▸ Exercise input:
+---+
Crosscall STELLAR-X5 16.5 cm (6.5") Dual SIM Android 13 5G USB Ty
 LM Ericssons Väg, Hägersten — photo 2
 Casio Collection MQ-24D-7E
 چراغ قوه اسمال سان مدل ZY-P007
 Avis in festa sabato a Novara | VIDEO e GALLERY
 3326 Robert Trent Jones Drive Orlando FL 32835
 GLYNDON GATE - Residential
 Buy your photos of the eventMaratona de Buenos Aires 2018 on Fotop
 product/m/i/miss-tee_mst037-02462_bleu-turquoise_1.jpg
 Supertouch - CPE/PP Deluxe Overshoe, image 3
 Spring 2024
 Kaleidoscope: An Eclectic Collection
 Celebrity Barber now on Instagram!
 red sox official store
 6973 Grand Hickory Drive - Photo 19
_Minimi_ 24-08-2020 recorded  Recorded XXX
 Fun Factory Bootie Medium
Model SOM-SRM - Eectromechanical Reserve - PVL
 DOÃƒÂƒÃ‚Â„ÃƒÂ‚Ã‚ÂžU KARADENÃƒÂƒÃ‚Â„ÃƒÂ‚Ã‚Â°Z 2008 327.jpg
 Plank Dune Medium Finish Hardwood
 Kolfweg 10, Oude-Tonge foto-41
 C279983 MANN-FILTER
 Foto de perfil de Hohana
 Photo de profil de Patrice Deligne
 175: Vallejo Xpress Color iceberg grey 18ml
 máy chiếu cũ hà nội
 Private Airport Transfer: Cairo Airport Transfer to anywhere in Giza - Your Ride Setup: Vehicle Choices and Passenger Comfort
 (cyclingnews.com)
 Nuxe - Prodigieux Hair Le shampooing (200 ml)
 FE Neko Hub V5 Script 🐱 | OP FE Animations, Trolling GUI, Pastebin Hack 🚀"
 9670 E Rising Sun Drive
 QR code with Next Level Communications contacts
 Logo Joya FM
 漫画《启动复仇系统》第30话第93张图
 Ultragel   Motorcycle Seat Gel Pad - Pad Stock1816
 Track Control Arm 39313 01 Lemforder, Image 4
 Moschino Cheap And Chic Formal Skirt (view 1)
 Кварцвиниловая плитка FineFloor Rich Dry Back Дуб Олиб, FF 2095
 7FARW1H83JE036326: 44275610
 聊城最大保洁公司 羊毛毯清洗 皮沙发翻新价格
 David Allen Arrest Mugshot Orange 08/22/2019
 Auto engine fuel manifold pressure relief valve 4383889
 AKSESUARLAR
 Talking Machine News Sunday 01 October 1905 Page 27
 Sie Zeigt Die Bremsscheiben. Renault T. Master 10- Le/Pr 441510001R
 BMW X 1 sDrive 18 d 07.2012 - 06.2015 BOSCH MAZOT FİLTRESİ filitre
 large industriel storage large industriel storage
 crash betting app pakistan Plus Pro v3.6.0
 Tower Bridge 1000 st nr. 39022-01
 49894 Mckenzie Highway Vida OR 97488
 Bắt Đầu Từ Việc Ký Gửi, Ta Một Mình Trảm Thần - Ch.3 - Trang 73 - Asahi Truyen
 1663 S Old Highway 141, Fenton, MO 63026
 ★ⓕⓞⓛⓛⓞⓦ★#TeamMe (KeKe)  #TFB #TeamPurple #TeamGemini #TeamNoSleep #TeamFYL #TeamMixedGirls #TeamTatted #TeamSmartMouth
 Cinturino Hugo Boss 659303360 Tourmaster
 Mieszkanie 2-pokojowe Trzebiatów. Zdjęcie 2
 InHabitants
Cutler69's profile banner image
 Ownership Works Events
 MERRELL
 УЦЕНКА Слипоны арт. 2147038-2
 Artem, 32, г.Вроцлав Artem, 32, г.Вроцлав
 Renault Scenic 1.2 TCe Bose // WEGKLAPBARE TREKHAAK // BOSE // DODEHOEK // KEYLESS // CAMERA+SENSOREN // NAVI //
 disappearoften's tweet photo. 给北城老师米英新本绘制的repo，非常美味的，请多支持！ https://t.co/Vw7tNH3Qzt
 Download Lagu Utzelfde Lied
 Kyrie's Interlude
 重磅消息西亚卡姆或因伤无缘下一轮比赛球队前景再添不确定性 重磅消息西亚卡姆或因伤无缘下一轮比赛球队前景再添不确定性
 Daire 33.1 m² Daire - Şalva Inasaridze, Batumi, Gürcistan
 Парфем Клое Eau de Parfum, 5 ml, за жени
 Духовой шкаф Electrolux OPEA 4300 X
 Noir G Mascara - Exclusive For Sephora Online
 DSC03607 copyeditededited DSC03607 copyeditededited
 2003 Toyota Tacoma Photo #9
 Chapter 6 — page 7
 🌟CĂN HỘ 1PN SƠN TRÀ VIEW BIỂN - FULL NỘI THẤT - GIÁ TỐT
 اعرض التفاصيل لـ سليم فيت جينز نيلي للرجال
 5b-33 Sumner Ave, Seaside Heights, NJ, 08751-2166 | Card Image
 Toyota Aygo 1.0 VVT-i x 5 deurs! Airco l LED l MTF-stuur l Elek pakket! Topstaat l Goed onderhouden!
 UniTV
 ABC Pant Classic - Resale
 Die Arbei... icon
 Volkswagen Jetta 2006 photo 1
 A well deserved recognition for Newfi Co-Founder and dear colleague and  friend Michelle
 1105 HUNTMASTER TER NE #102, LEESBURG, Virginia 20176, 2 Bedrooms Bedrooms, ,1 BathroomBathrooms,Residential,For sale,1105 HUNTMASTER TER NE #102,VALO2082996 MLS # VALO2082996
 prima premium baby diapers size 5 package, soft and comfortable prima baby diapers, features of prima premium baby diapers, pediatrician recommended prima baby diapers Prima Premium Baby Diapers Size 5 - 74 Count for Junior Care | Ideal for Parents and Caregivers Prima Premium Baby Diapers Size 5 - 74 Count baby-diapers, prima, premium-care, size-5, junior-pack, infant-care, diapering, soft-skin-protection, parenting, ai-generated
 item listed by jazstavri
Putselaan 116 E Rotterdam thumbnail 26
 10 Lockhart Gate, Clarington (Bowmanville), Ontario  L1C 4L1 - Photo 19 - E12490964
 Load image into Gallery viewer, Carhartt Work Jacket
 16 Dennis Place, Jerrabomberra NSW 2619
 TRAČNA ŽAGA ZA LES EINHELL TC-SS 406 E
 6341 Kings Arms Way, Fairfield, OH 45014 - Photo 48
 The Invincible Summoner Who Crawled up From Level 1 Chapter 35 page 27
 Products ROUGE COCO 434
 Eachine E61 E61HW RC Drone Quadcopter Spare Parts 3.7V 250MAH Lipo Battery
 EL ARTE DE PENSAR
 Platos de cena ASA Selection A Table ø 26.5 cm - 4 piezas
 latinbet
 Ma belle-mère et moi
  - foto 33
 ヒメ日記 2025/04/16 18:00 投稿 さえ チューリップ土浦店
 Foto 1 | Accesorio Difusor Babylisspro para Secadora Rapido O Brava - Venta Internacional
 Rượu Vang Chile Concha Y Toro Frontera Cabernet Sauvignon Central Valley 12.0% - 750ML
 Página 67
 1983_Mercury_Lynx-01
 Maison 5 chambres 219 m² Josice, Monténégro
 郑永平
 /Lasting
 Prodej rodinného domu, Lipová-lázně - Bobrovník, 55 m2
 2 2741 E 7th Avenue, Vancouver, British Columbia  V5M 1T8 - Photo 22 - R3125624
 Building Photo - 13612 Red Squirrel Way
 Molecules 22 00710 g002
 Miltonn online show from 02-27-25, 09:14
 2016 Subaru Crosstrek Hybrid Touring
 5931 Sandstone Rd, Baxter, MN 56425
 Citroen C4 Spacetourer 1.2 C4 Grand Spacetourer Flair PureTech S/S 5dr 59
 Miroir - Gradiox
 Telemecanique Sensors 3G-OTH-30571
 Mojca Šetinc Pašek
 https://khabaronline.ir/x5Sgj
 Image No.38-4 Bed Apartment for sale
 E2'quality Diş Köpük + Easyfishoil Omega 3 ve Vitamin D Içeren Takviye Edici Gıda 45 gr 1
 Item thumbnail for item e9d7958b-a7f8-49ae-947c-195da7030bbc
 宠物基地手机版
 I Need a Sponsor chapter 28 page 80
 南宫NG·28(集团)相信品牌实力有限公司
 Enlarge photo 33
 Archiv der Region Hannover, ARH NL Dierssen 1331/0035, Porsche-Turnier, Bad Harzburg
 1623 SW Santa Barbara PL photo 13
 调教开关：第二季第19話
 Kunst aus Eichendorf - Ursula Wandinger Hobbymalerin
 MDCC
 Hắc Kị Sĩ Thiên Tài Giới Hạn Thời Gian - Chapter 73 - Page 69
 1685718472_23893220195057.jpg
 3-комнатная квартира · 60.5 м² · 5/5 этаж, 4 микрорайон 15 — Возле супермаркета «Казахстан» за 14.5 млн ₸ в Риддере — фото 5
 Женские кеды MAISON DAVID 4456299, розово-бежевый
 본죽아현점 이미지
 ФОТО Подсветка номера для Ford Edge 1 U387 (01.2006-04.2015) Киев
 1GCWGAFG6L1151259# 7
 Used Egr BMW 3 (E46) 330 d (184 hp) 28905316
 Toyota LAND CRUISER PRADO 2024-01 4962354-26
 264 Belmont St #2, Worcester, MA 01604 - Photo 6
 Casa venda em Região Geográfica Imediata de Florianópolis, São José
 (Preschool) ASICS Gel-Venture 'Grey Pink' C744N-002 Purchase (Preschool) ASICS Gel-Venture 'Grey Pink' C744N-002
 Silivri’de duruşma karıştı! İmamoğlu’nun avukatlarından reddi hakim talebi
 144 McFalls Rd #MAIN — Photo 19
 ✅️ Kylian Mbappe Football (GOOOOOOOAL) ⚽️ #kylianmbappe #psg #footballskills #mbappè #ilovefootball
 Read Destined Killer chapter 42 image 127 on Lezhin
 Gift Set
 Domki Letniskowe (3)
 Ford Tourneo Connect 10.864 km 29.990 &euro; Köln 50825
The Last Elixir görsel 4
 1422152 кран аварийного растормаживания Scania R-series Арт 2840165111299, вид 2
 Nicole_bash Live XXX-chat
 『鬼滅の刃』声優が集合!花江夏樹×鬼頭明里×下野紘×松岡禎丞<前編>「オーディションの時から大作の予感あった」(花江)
+---+
▸ What you need to do:
Would you restate, word for word, every line of the listing from its first line through the line with "GLYNDON GATE - Residential"?

▸ Problem solution:
Crosscall STELLAR-X5 16.5 cm (6.5") Dual SIM Android 13 5G USB Ty
 LM Ericssons Väg, Hägersten — photo 2
 Casio Collection MQ-24D-7E
 چراغ قوه اسمال سان مدل ZY-P007
 Avis in festa sabato a Novara | VIDEO e GALLERY
 3326 Robert Trent Jones Drive Orlando FL 32835
 GLYNDON GATE - Residential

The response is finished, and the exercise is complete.